Réflexions sur l’Anti-Machiavel de 1740 suivies de l’Énigme politique
Introduction, établissement, présentation et annotation du texte par Carole Dornier
Introduction
Le contexte de rédaction et de publication
§ 1L’avènement au trône de Prusse du jeune Frédéric II, correspondant de Voltaire, le 6 juin 1740, laissait espérer à un public favorable aux idées des Lumières, une nouvelle politique en Europe. L’abbé de Saint-Pierre avait connu le prince auparavant et il se rendit à Berlin dès la fin du mois de juin 1740 ; il fut invité à Postdam, et prit conscience à cette occasion que ses relations avec Frédéric avaient changé1 . La parution en septembre et octobre de la même année de deux éditions concurrentes du texte du monarque connu sous le titre d’Anti-Machiavel, en faveur d’une politique fondée sur le droit et la morale, ne pouvait laisser indifférent l’auteur du Projet de paix perpétuelle.

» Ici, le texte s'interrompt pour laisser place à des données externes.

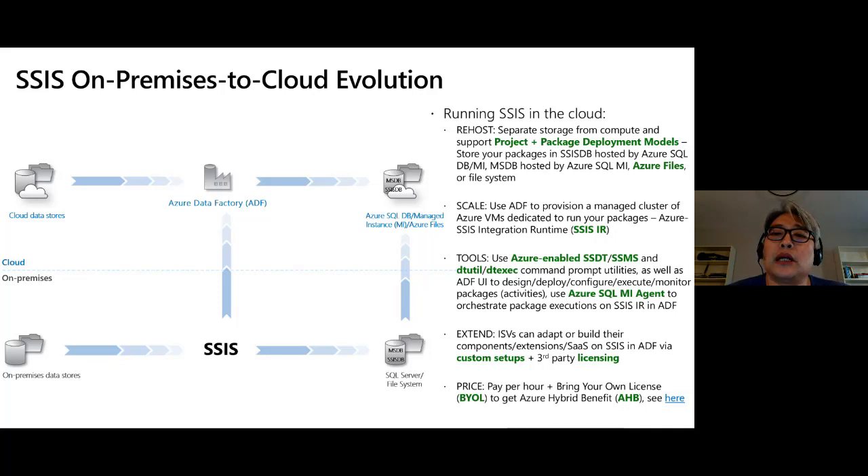We Azure-enabled SSDT and SSMS so you can deploy to the cloud, do package assessment for cloud compatibility, pass execution in Azure, and migrate or redeploy to Azure. Command-line utilities like dtutil and dtexec are also Azure-enabled. Azure SQL Managed Instance Agent is enabled to orchestrate and schedule package execution on SSIS IR in ADF. For extensibility, we provide a custom setup interface so custom components or third-party components used on-premises can be deployed in the cloud. We also introduced express custom setup — no script required, just enter a license key.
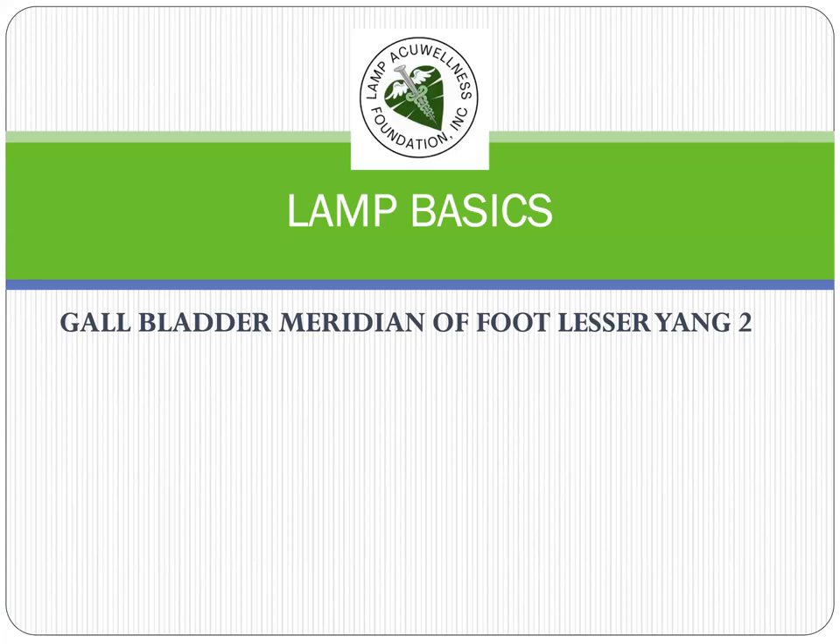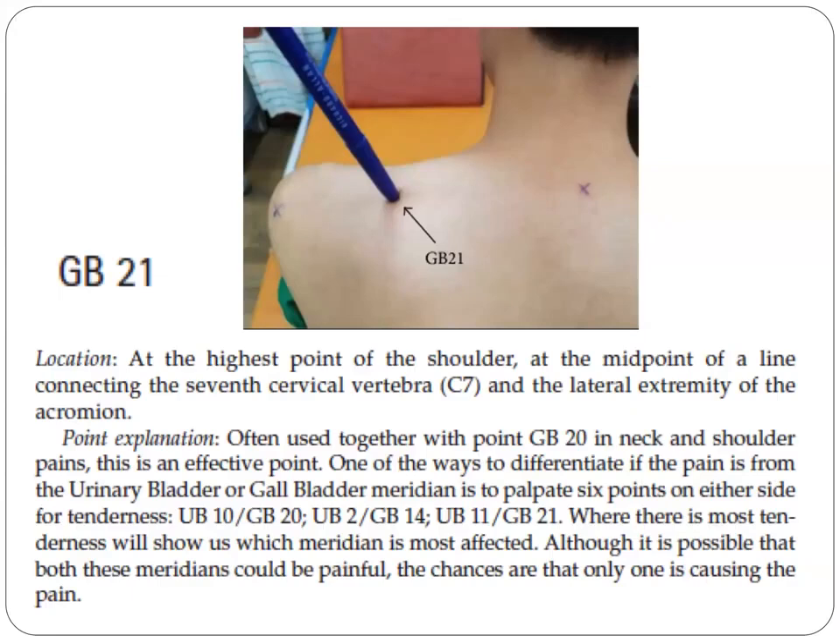Continuing exploration of the Gallbladder meridian, we go from GB20 to GB21. This point is located at the highest point of the shoulder, at the midpoint of a line connecting the seventh cervical vertebra and the lateral extremity of the acromion. This point is often used together with GB20 in neck and shoulder pains, as it is an effective point.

Voltaire avait pris part à cette édition et en souhaitait la parution, non seulement pour affirmer son rôle comme conseiller du monarque éclairé, mais pour engager celui-ci à mettre en œuvre ses principes2 . Âgé de quatre-vingt-deux ans, après trente années passées à promouvoir la paix en Europe et le progrès de la science du gouvernement en faveur du bonheur du plus grand nombre, l’abbé de Saint-Pierre, qui avait fréquenté le prince royal, se jugeait sans doute, dans ce rôle, aussi légitime que Voltaire, à qui il écrivait un an avant la parution de l’Anti-Machiavel, le 2 octobre 1739 :
Destinez le reste de votre vie non plus à divertir les dames d’esprit et d’autres enfants, songez à instruire les hommes, à instruire ceux qui nous instruisent et à gouverner ceux qui nous gouvernent, […] laissez là vos ouvrages de gloriole pour marcher ainsi vers le sublime de la gloire3 .§ 2
Comment n’aurait-il pas souhaité lui aussi encourager et conseiller le roi pour en faire l’ambassadeur de la paix et promouvoir ce catéchisme des princes écrit par un nouveau « Marc-Aurèle »4 ? Le 1er octobre 1740, il dîne avec Fontenelle chez Paul Heinrich Tilio van Camas, envoyé de Prusse, témoin de premier plan des projets d’édition du manuscrit de Frédéric II, qui avait été chargé en juillet 1740 de convaincre Voltaire d’en arrêter la publication5 . Les Réflexions de Saint-Pierre commentent un ouvrage intitulé Anti-Machiavel, avec la date de 1740, précision précautionneuse qui suggère que l’auteur a travaillé à partir de l’édition Paupie, préfacée par Voltaire, parue en octobre 1740 et datée de cette année. La précédente, qui était sortie en septembre 1740 à la Haye des presses de Van den Duren sous le titre d’Examen du Prince de Machiavel, avec des notes historiques et politiques, était postdatée de 1741 et avait été dénoncée par Voltaire comme non conforme au texte original6 . L’abbé situe l’avènement du roi de Prusse « quelques mois » avant le moment de la rédaction (Anti-Machiavel, § 48). Il fait allusion à l’invasion de la Silésie qui a eu lieu en décembre de la même année (§ 72). Le temps pressait pour intervenir dans la possible mise en œuvre d’une nouvelle politique conforme à ses vœux de paix, de justice et de bienfaisance. C’est donc vers la fin de l’année 1740 que Saint-Pierre a dû rédiger ses Réflexions. Elles font d’abord l’objet d’une publication séparée puis sont insérées dans le seizième tome, le dernier, de ses Ouvrages de politique et de morale, chez le même éditeur de Rotterdam, Jean-Daniel Beman. Enfin en août 1741, l’abbé de Saint-Pierre a révisé le texte du deuxième imprimé dans une version qui ne sera finalement pas publiée.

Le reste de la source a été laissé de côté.